Insect repellant is recommended to protect against mosquitoes and ticks. Staying on trails will reduce exposure to ticks, who like to hang out in tall grass and brush and are especially active in spring and early summer. Several commercial insect repellants work quite well. Follow the product directions for application, especially for how often to reapply. Tying or taping your pant legs tight around your ankles so the ticks can't crawl up inside your pants and tucking in your shirt is also recommended. It won't cut down on the number of ticks you might get, but it will make them easier to spot and remove. Light-colored clothing also makes ticks easier to spot.
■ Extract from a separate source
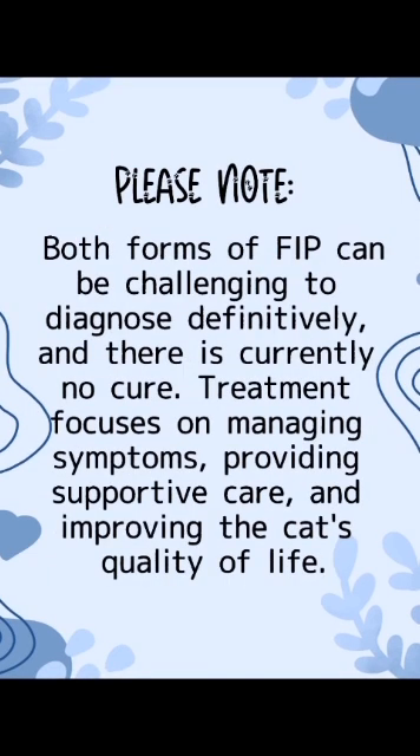Both forms of FIP can be challenging to diagnose definitively and there is currently no cure. Treatment focuses on managing symptoms, providing supportive care, and improving the cat's quality of life.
Be sure and wash all clothing promptly when you get home to kill any ticks that might remain.



Cattle are helping maintain grassland bird habitat by keeping grass at the height preferred by different bird species for nesting and feeding.  Some of the cattle at Midewin are as curious about you as you may be about them.  Others are mothers protecting their calves.  Keep your distance from the cows – they’re hard at work.



Midewin is open for spring turkey hunting and for fall deer hunting.  All firearm hunting permits are issued by Illinois Department of Natural Resources lottery.  All non-hunting visitors to Midewin during firearm seasons must stay on the trails.  Check at the Welcome Center or on the Midewin website for current information.


Arsenic contamination

Commercial weed-killing sprays used along security fencelines and railbeds in the 1960s contained high concentrations of arsenic, which remain in the soil in some areas.  Arsenic contamination may not be apparent because of growing vegetation.  Do not disturb the soil at Midewin.



Leave No Trace LogoLeave No Trace

Visit the national Leave No Trace Organization here.

  • Take nothing but pictures….leave with only your memories.
  • Courtesy towards others helps everyone enjoy their outdoor experience. Excessive noise, loose pets, and damaged natural surroundings create a negative atmosphere.
  • Trails are an important part of protecting Midewin's resources. Trails are designed to lessen the impact of traveling, no matter by what means. All horses and bicycles must stay on the trails at Midewin. Cross country travel is not forbidden to hikers, but please remember to spread out when traveling. We don’t want any new trails developing on their own.
  • While traveling on trails keep the noise level down. Radio and tape players do not belong in the back country. If you encountering an equestrian group, you should step off the trail on the lower side and let them pass. Keep the noise level down as horses are spooked easily
  • Keep pets under control at all times. No one wants to have someone’s pet running through the area frightening people and wildlife.
  • Wildflowers, picturesque trees, and unusual rock formations all give back country areas the beauty we came to see. Picking flowers, hacking at trees, and chipping away at rock all can detract from the primitive atmosphere. Please leave them for others to enjoy
  • Don't hang ribbons, signs, or blaze trees to mark a path for others to follow. Always discuss the planned route with your group members to avoid leaving an impact.
  • Federal law prohibits disturbing historical and archeological sites.  Please don’t disturb or remove any objects from our past.